WasmNltk Class
The WasmNltk class provides a high-level interface to the bun_nltk WebAssembly module.
Initialization
WasmNltk.init()
static async init(init?: WasmNltkInit): Promise<WasmNltk>
Initializes a new WASM instance.
Parameters:
Raw WASM module bytes. Use this when loading from a URL or bundled asset.
Path to the WASM file. Defaults to ../native/bun_nltk.wasm relative to the module.

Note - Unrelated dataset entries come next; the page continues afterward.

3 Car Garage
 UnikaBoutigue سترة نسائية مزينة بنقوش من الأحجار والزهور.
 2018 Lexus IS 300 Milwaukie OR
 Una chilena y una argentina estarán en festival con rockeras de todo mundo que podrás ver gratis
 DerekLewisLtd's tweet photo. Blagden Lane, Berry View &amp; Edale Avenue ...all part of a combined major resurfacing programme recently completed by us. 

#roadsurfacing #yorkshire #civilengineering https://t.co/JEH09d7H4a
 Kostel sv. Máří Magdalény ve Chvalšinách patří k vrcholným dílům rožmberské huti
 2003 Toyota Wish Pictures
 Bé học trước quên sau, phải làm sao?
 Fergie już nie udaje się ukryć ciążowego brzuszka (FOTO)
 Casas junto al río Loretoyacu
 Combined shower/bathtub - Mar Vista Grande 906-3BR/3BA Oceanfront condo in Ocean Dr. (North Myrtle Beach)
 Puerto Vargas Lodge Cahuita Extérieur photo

Returns: Promise<WasmNltk> - Initialized WASM instance
Example:
import { WasmNltk } from 'bun_nltk/wasm';
// From URL
const response = await fetch('/bun_nltk.wasm');
const wasmBytes = new Uint8Array(await response.arrayBuffer());
const nltk = await WasmNltk.init({ wasmBytes });
// From path (Node.js/Bun)
const nltkPath = await WasmNltk.init({ wasmPath: './bun_nltk.wasm' });
// Default path
const nltkDefault = await WasmNltk.init();
Memory Management
dispose()
Frees all allocated memory blocks. Call this when you’re done using the instance.
Example:
const nltk = await WasmNltk.init({ wasmBytes });
// Use nltk...
nltk.dispose();
Tokenization Methods
tokenizeAscii()
tokenizeAscii(text: string): string[]
Tokenizes ASCII text into lowercase words.
Parameters:
Input text to tokenize (ASCII only)
Returns: string[] - Array of lowercase tokens
Example:
const tokens = nltk.tokenizeAscii('Hello, World! This is a test.');
// ['hello', 'world', 'this', 'is', 'a', 'test']
tokenOffsetsAscii()
tokenOffsetsAscii(text: string): {
total: number;
offsets: Uint32Array;
lengths: Uint32Array;
input: Uint8Array;
}
Returns token offsets and lengths for zero-copy processing.
Parameters:
Returns: Object with:
total: Number of tokens found
offsets: Byte offsets for each token in the input
lengths: Byte lengths for each token
input: UTF-8 encoded input bytes
Example:
const { total, offsets, lengths, input } = nltk.tokenOffsetsAscii('Hello World');
const decoder = new TextDecoder();
for (let i = 0; i < total; i++) {
const start = offsets[i];
const len = lengths[i];
const token = decoder.decode(input.subarray(start, start + len));
console.log(token);
}
normalizeTokensAscii()
normalizeTokensAscii(text: string, removeStopwords?: boolean): string[]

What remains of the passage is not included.